Thing is, I think that there's plenty for the Democrats to pursue in our current day and age that would still be in line with their tradition of "helping the little guy".

There's the injustices in the educational systems - specifically the public ones. Families that can't afford private schools or religiously based schools are pretty much stuck with what the public schools offer, and since all things religious have been driven away from public schools, the students are left with a questionable secular curriculum that more encourages "feelings" rather than education. In other words, the "little guys" in this scenario are the students, and the "oppressive establishment" are the school systems and the teachers unions that won't allow changes or challenges that threaten their hold on their power.

One way to help these "little guys" is to allow for tuition vouchers so that students can have "the right to choose" what schools they might attend. However, teachers' unions are vehemently opposed to them, this despite that it could actually help public schools in the long run. So basically, the "right to choose" applies only to legalized abortion.

I grew up in a poor, single-parent family. My mother scrimped, saved, and sacrificed so that my brother and I can go to a Catholic school. And as far as Catholic schools go, this was a pretty poor (as in: low funding) school, but it was all that my mother could afford. However, my brother and I benefited enormously. He went on to get a scholarship to a Catholic high school, and then another scholarship to go to college. I also went on to college, and even went on to get a Master's degree. So our experiences demonstrates that even if you start out poor, you can rise above it. I also know that my mother would have gladly taken a tuition voucher had they been available back then.

But none of us could have done it without a lot of help. All three of us had a support group that we relied on time and time again, and for which came through time and time again. My mother and her two sons were one family, but we also had the support of an extended family of grandparents, aunts, uncles, and cousins. This same group still meets three times a year for family gatherings. Beyond the extended family were other, more distant relatives as well as neighbors and the surrounding local community.

We each knew each other, and we helped each other out in times of need. It was because of that support group that, during our whole youth, my brother and I never felt "poor", even though technically that's what we were. It was also during this time that I grew up around the "village" concept of everyone helping each other - which, back then, was basically the Democratic ideal in a nutshell.

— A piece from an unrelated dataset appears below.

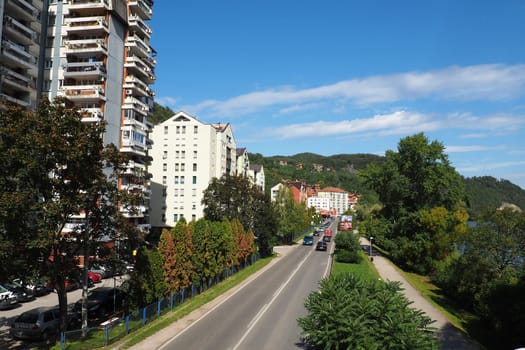 Zvornik, Bosnia and Herzegovina, October 1, 2022, the embankment and streets of the city of Zvornik along the Drina river, the border with Serbia. Multi-storey residential buildings, cars and people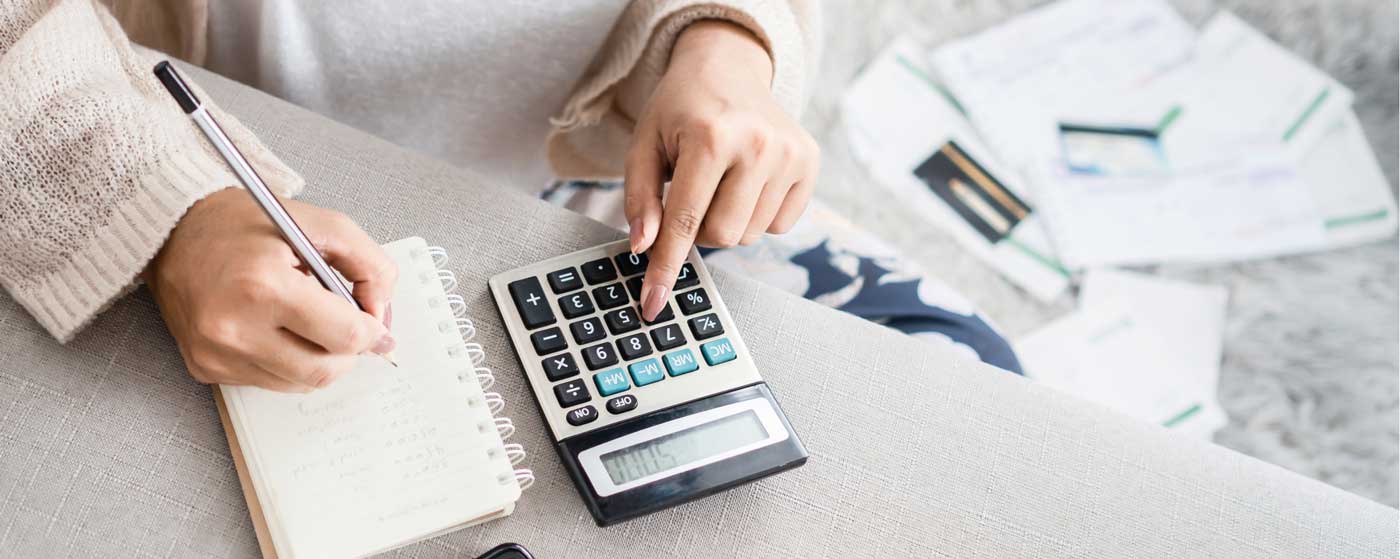 Woman calculating her expenses with calculator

Somewhere along the way, however, the Democrats' "village" ideal got lost and was replaced with the current "village idiots" concept of the extremism that JB mentioned in his reply. Instead of helping "the little guy", Democrats now serve the more extreme left wing special interest groups. Instead of supporting the tuition voucher concept to help students in poor families to get a decent education, they instead back teachers' unions because these unions donate to their party. In other words, it ain't just in the GOP that money buys politicians.

Instead of seeing that the voucher system can help public schools to keep to their church/state separatism, the Dems instead are insistent in making it much harder for the poor families to go to other schools if the local public schools are failing to educate their children. It appears that keeping on the good side of teachers' unions takes a much greater precedence than seeing that our nation's children get the best education possible. This is an injustice that the old Democratic party wouldn't have tolerated, much less facilitated. It would have sickened the old Democratic party to be an enabler to an oppressive power structure.

To me, being truly liberal would mean finding the best means possible to educate all children, regardless of the income of the families that they come from. Instead, being liberal today means that you support an intolerant and closed-minded establishment such as teachers' unions because they donate to party coffers. Maybe I'm old fashioned, but that's not what being liberal was supposed to mean.